--- Extracted entries Enclosed Below ---
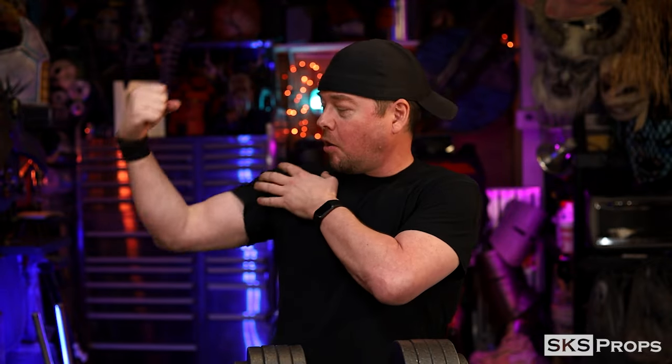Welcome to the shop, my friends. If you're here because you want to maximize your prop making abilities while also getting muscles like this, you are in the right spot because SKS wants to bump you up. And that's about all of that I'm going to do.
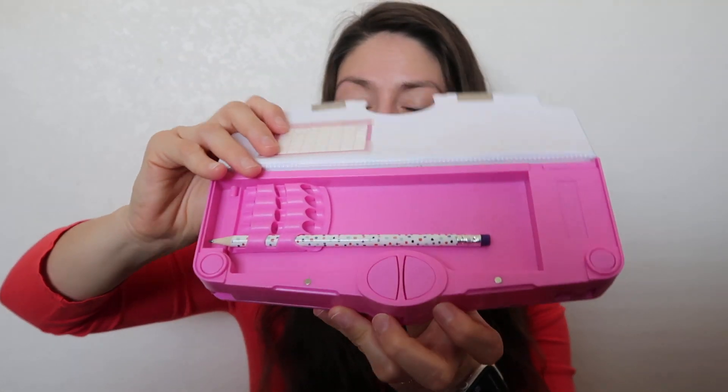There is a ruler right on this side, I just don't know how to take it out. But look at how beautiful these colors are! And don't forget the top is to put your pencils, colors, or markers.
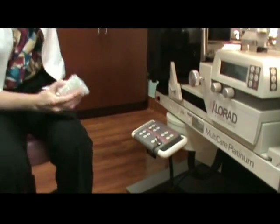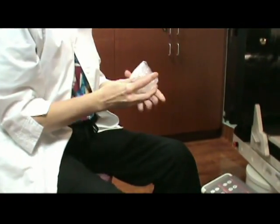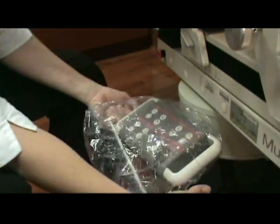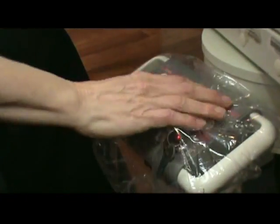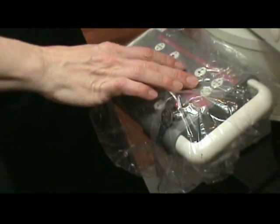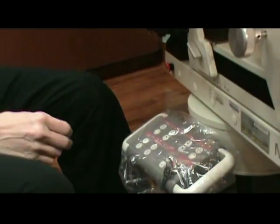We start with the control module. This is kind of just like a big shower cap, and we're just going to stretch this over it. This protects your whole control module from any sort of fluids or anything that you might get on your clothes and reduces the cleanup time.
--- End of Enclosed Extracted entries ---
--- Extracted entries Enclosed Below ---
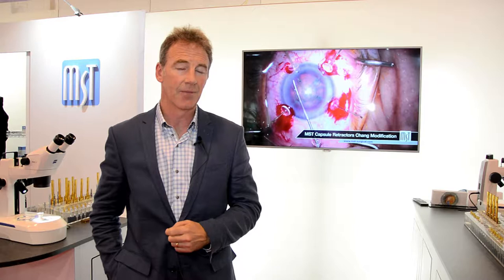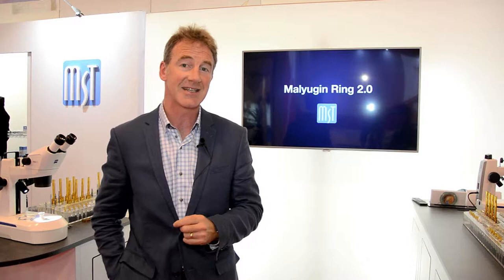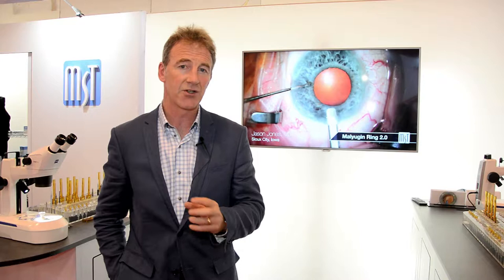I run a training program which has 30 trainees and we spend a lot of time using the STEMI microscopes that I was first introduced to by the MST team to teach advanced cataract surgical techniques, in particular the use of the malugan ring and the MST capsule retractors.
--- End of Enclosed Extracted entries ---
* _Your objective_
Transcribe, from the material above, the stretch starting at the line with "Welcome to the" and ending at the line with "We start with", both included, exactly. Do not carry over pictures.

* _Written reply_
Welcome to the shop, my friends. If you're here because you want to maximize your prop making abilities while also getting muscles like this, you are in the right spot because SKS wants to bump you up. And that's about all of that I'm going to do.
There is a ruler right on this side, I just don't know how to take it out. But look at how beautiful these colors are! And don't forget the top is to put your pencils, colors, or markers.
We start with the control module. This is kind of just like a big shower cap, and we're just going to stretch this over it. This protects your whole control module from any sort of fluids or anything that you might get on your clothes and reduces the cleanup time.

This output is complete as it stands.